面紫脈堅。此平昔火衰火盛之別也。有痛死不知人。少間復甦者。有腹痛不時上攻。水漿不入。數日不已者。欲試真否。但與生黃豆嚼之。覺香甜者。即是臭毒。覺腥者非也。舉世有用水搭肩背及臂者。有以苧麻水濕刮之者。有以瓷碗油潤刮之者。有以瓷鋒針刺委中出血者。

有以油紙點照。視背上有紅點處皆烙之者。總欲使腠理開通之意。又有以冷水咽椒數十粒者。有以白礬生研冷水。調服二三錢者。然椒性辛散。誤餌無妨。礬性酸澀。苟非臭毒。為禍不淺。多有誤認食積。屢攻不愈。綿延十日半月而死者。常見有大飲冷水。而變下痢者。亦有飲水停於肺中。

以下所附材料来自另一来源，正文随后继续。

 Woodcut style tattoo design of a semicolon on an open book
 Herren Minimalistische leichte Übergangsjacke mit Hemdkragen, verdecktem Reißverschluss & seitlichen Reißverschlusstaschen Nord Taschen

而變水腫者。有誤服礬水。呃逆嘔噦不止者。有刺委中去血過多。移時而死者。亦有傷寒陰證腹痛。誤刺委中。及飲冷水。而致不救者。又有內傷冷食腹痛。誤刺委中。而致轉劇者。誠可憫也。按此腹痛。乃陰邪穢氣。郁遏脾胃中伏火。兩邪相擊而致。每苦時常舉發。藥之不應。

古法。有初得病時。飲以艾湯試吐。即是此證。有以蠶蛻紙泡湯飲之。溫覆取汗。蓋蠶性豁痰祛風利竅。其紙已經鹽過而順下最速也。余嘗謂此證既屬中土氣衰。穢氣內賊。便當用利氣藥以散穢濁之氣。合用一味香附。童便浸曬為末。停湯頓服四五錢立效。或越鞠丸沉香降氣散亦佳。

又脾虛挾火。兼犯穢氣。則心腹擾痛。上下不通。俗謂之乾霍亂。近世謂之絞腸痧。以穢氣在外。固結不散。火邪在內。攻擊不開。故為證最急。急以鹽置刀頭燒紅。淬水中。攪勻灌吐。以升提鬱閉之氣。然後以藿香正氣散。放溫與之。曾見有熱服湯藥而斃者。有服玉樞丹蘇合香丸而愈者。

然不若鹽湯和童便為最。點眼砂亦佳。但凡臭惡腹痛。脈或伏。或細小緊澀。或堅勁搏指中而帶促結。皆是陰逆陽伏之象。不可誤認陰寒而投熱藥。致動其火。為害不可勝言。非但熱藥當禁。即砂仁辛溫香竄。生薑辛辣上升氣。酒辛烈助火。皆當忌之。熱湯亦切勿與。熱浴尤為大忌。

熱則上衝莫制也。若見面青唇黑。脈勁搏指。厥逆喘促者。多不可救也。